22

٢٢

وَعَلَيْهَا وَعَلَى الْفُلْكِ تُحْمَلُونَ

(22) ve aleyha ve alel fülki tuhmelun
(karada) onlarla ve (denizde) gemilerle taşınırsınız

(22) And on them, as well as in ships, ye ride.

1. ve aleyhâ : ve onun üzerinde
2. ve alâ el fulki : ve gemilerin üzerinde
3. tuhmelûne : taşınırsınız


AÇIKLAMA

“Şüphesiz ki biz sizin üzerinizde yedi kat gökleri yarattık.” Allaha yemin olsun ki ey Ademoğulları! Biz sizin üzerinizde üstüste yedi kat gökleri yarattık. Bunlar yıldızların yörüngeleridir.
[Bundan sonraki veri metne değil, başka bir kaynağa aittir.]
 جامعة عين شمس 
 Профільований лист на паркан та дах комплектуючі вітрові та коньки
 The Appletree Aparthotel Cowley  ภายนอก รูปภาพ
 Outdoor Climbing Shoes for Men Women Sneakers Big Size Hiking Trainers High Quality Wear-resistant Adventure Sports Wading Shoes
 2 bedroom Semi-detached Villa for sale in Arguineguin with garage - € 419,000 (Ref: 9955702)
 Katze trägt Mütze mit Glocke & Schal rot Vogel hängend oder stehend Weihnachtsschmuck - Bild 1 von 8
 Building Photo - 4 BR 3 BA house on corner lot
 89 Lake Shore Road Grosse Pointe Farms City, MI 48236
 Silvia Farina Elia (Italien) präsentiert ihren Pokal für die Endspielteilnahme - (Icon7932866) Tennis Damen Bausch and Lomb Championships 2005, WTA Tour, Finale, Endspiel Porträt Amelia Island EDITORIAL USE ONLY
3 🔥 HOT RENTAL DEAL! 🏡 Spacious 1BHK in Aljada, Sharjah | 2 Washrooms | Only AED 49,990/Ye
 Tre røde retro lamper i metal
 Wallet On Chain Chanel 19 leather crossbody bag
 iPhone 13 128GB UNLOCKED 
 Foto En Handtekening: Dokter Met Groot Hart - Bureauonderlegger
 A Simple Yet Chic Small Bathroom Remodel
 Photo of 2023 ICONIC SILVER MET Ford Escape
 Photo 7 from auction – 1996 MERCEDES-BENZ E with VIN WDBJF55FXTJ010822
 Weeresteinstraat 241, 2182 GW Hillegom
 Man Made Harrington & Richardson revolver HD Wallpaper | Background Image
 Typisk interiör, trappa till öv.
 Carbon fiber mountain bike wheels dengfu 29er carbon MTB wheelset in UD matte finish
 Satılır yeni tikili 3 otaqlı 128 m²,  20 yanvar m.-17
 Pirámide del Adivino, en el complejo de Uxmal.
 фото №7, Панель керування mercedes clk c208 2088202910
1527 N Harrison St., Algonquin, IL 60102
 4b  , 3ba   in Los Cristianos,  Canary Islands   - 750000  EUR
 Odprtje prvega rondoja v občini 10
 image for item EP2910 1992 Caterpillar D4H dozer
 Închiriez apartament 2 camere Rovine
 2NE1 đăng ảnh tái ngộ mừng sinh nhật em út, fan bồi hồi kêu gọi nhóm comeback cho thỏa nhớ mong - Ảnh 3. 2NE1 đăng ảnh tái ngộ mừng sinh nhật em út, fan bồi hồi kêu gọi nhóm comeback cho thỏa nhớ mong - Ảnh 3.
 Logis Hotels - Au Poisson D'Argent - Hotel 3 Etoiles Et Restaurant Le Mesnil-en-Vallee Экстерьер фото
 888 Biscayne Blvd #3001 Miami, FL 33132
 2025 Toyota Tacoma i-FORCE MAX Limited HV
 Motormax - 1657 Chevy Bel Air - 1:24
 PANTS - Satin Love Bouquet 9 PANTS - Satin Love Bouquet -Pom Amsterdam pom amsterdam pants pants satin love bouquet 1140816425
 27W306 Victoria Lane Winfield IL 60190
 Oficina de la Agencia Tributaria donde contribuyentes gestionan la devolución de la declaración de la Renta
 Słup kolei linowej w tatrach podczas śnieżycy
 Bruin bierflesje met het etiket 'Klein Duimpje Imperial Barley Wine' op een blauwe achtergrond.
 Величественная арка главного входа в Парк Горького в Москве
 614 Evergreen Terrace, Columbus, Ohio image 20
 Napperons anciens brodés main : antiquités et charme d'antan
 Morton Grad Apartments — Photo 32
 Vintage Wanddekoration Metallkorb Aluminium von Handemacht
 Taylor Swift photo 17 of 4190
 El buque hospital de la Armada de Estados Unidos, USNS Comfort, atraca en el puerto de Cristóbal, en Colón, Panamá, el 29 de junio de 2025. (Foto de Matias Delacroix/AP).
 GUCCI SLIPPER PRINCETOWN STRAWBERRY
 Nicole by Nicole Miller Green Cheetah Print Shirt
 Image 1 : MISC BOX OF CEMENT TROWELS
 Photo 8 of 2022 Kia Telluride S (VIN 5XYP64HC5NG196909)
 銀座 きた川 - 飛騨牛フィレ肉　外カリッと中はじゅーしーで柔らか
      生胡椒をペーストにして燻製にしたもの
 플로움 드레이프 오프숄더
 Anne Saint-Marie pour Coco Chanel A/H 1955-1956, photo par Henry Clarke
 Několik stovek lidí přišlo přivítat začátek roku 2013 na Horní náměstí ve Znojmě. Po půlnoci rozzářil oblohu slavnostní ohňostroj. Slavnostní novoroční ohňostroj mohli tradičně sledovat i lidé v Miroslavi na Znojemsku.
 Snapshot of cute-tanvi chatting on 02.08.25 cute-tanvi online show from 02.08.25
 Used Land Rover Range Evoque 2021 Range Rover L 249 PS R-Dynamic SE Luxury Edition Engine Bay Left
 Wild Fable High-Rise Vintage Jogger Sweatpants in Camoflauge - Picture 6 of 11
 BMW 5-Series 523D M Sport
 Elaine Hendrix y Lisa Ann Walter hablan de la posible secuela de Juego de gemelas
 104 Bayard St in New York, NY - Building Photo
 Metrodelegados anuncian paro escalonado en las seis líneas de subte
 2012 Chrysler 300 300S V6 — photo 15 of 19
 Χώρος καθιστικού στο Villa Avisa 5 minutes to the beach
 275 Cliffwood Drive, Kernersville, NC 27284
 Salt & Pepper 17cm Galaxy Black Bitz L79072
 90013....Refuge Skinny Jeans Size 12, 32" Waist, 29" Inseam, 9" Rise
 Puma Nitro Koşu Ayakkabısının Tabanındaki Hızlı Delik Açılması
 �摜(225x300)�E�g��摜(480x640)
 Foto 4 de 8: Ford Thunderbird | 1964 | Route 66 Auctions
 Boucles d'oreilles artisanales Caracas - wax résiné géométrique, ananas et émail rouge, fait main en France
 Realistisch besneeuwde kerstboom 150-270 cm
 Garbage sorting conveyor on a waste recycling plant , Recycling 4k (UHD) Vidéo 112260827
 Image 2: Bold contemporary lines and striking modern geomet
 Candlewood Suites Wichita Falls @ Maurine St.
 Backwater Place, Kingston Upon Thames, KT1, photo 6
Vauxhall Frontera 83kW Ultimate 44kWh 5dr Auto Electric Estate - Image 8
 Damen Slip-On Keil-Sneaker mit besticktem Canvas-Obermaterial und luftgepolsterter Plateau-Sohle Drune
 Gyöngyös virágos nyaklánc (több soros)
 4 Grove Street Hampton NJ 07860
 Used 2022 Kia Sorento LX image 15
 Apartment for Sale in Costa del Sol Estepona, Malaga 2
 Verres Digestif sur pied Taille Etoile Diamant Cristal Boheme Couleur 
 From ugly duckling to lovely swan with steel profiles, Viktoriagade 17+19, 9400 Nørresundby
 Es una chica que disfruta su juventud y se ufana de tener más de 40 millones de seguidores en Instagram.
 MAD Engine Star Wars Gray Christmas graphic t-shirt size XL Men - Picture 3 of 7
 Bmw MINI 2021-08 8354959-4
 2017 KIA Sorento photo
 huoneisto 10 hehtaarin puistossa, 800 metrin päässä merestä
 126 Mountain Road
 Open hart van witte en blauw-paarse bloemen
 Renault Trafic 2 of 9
Allah Tealâ çoğunlukla göklerin ve yerin yaratılmasını insanın yaratılmasıyla birlikte yanyana zikretmektedir.

Nitekim Cenab-ı Hak şöyle buyurmaktadır: “Göklerin ve yerin yaratılması maunların yaratılmasından daha büyüktür.” (Mümin, 40/57).

Peygamberimiz’in (s.a.) cuma sabahlarında okuduğu Secde suresinin ba­şında da böyledir. Bu surenin başında göklerin ve yerin yaratılması, sonra in­sanın yaratılmasının beyanı ve ahiret, ceza gibi hususlar yer almaktadır.

Bu ayetin benzeri daha önce geçtiği gibi şu ayettir: “Allah ‘m yedi kat gökleri nasıl yarattığını görmüyor musun?” (Nuh, 71/15).

“Allah yedi göğü ve yerden de onların mislini yaratmış olandır. Emri bütün inanların arasında durmadan iner. Allah ‘ın gerçekten her şeye kadir olduğunu, gerçekten ilmiyle her şeyi kuşatmış bulunduğunu bilmeniz içindir.” (Talak, 85/12).

“Biz yarattığımız varlıklardan gafil değiliz.” Yani biz içlerinde göklerin de bulunduğu yaratılmış hiçbir varlığın durumunu ihmal edecek değiliz. Bilakis o varlıkların ayakta kalması ve devamlı var olmasını garanti altına almak için koruruz. Biz buralarda olan küçük büyük her şeyi biliriz.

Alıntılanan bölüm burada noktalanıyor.